MATERIAL PROVIDED =>
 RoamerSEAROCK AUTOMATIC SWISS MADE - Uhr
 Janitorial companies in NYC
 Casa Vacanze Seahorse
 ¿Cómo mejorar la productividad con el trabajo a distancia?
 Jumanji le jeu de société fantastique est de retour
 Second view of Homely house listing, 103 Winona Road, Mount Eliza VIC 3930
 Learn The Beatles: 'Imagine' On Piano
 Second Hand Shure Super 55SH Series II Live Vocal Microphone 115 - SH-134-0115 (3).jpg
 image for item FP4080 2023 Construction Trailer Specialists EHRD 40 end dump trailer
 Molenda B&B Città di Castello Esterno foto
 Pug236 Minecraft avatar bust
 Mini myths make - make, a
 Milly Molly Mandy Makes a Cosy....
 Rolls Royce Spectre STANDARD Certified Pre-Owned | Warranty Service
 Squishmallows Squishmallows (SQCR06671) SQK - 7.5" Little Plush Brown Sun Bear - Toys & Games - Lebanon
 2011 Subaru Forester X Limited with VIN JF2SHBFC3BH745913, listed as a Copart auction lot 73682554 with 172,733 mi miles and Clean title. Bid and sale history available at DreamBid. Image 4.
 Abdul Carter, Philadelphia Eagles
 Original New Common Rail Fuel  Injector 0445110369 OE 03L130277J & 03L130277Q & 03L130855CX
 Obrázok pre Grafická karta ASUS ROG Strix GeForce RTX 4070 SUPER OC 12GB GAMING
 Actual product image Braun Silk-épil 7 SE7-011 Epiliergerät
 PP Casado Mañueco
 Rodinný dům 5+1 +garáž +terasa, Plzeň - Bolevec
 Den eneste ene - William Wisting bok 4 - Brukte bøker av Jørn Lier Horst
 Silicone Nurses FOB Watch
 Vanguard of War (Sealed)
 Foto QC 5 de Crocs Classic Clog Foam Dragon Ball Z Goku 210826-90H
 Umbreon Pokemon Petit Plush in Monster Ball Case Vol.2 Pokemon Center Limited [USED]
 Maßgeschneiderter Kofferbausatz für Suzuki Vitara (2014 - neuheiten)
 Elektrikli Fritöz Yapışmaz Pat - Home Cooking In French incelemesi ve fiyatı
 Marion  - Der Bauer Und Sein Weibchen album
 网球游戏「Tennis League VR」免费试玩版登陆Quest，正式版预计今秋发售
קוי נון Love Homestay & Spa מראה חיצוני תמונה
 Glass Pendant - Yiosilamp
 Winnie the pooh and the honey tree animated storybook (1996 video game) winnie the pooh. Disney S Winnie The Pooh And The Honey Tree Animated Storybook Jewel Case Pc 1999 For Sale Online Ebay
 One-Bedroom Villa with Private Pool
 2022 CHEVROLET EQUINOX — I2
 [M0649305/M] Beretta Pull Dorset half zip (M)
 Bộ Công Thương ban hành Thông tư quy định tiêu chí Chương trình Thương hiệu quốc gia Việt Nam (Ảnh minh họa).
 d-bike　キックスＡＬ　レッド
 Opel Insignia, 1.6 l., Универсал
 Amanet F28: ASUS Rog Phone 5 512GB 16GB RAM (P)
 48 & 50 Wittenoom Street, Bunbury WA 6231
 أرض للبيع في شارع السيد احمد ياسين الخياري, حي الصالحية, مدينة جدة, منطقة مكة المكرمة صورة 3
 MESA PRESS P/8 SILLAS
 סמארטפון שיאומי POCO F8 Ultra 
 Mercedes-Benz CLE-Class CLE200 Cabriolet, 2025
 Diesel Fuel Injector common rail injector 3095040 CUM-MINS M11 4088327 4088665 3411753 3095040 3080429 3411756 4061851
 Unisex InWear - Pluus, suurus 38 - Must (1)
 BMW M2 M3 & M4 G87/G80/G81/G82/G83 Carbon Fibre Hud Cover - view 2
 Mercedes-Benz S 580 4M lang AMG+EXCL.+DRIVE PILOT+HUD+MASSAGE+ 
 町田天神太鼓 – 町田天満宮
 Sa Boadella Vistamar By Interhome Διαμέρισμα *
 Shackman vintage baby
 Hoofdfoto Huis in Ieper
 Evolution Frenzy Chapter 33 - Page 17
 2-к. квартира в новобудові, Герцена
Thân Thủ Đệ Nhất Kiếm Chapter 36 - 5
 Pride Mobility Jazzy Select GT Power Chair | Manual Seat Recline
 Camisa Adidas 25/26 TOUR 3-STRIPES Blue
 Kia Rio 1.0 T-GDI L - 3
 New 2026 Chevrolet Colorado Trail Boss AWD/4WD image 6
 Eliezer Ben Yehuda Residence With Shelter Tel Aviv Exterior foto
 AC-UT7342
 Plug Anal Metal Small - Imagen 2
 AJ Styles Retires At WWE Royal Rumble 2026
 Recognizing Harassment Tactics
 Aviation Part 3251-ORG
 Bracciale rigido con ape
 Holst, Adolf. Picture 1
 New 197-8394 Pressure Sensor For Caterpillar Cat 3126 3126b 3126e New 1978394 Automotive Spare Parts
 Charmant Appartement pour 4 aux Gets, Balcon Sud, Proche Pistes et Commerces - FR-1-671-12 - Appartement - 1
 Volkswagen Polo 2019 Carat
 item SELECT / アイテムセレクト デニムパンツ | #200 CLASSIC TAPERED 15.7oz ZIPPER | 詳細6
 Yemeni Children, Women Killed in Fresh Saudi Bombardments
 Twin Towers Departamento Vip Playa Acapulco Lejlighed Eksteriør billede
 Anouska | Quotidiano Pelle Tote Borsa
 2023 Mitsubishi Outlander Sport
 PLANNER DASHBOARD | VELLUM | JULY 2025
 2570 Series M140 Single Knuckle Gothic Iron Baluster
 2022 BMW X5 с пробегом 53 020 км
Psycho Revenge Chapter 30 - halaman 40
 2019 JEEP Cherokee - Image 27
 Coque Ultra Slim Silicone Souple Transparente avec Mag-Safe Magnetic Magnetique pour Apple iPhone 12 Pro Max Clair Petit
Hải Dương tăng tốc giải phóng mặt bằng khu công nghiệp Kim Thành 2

WHAT THE TASK ASKS => Retype, exactly and in full, the lines above from the one containing "町田天神太鼓 – 町田天満宮" through the one containing "Holst, Adolf. Picture 1".

TASK ANSWER =>
 町田天神太鼓 – 町田天満宮
 Sa Boadella Vistamar By Interhome Διαμέρισμα *
 Shackman vintage baby
 Hoofdfoto Huis in Ieper
 Evolution Frenzy Chapter 33 - Page 17
 2-к. квартира в новобудові, Герцена
Thân Thủ Đệ Nhất Kiếm Chapter 36 - 5
 Pride Mobility Jazzy Select GT Power Chair | Manual Seat Recline
 Camisa Adidas 25/26 TOUR 3-STRIPES Blue
 Kia Rio 1.0 T-GDI L - 3
 New 2026 Chevrolet Colorado Trail Boss AWD/4WD image 6
 Eliezer Ben Yehuda Residence With Shelter Tel Aviv Exterior foto
 AC-UT7342
 Plug Anal Metal Small - Imagen 2
 AJ Styles Retires At WWE Royal Rumble 2026
 Recognizing Harassment Tactics
 Aviation Part 3251-ORG
 Bracciale rigido con ape
 Holst, Adolf. Picture 1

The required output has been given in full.